M/s Diamond Tool Industries Vs.  JCIT (ITAT Mumbai)-  Gauhati High Court in the case of Meghalaya Steels Ltd. (supra) after considering the decision of Honourable Supreme Court in the case of Liberty India (supra) has held that Central Excise Duty has a direct nexus with the manufacturing activity and similarly the refund of the Central Excise duty also had a direct nexus with the manufacturing activity. The issue of payment  of Central Excise Duty would not arise in the absence of any industrial activity.
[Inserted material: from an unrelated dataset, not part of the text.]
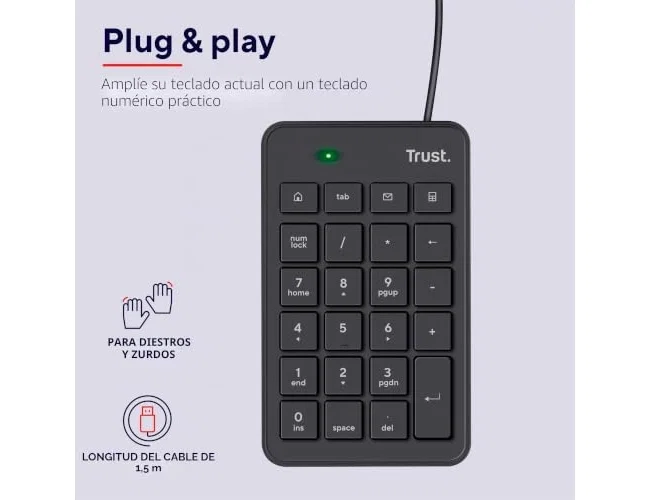 Trust Xalas Teclado Numérico Ultradelgado USB Negro Trust Xalas Teclado Numérico Ultradelgado USB Negro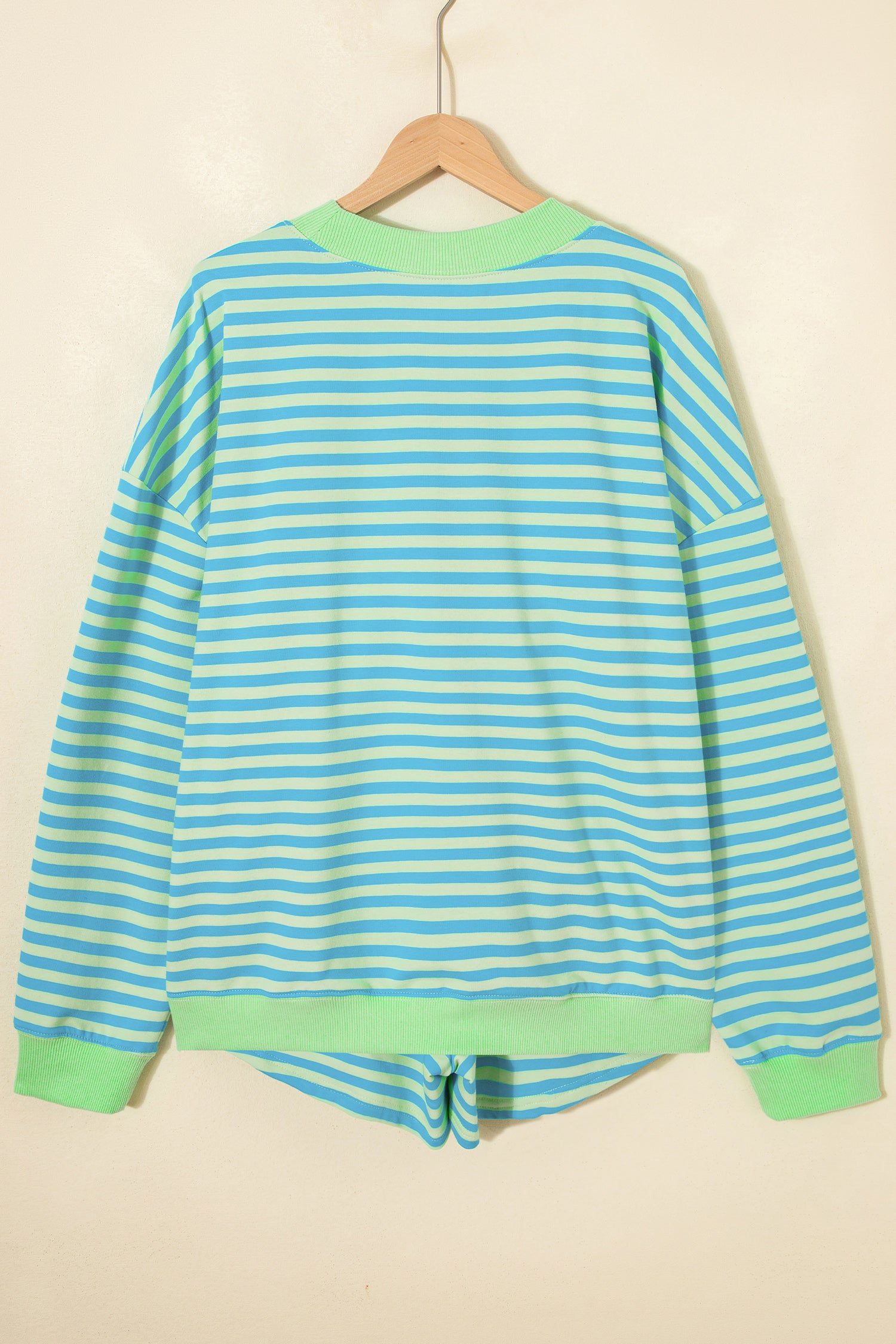 Pink Stripe Color Block Detail Long Sleeve Pullover Elastic Waist Pull On Shorts 2pcs Set-Two Piece Sets/Short Sets-[Adult]-[Female]-2022 Online Blue Zone Planet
It was, accordingly, held that the refund of excise duty has to be taken into account for purposes of section 80IB. Following the ratio of the said decision, we are of the considered opinion that there is an inextricable link between the manufacturing activity, the payment of sales tax and the sales tax incentive. Therefore, in our opinion, such sales tax incentive which has been retained by the assessee from the Sales Tax collected has to be held as derived from  the industrial undertaking and consequently is eligible for deduction u/s 80 IB of the Act. In this view of the matter, the order of the ld. CIT(A) is set aside and the A.O. is directed not to exclude the sales tax incentive of  12,94,109/- and Rs. 84,687/- from the profit of Unit-1 and Unit –II respectively while calculating deduction u/s 80 IB of the Act. The ground raised by the assessee is accordingly allowed.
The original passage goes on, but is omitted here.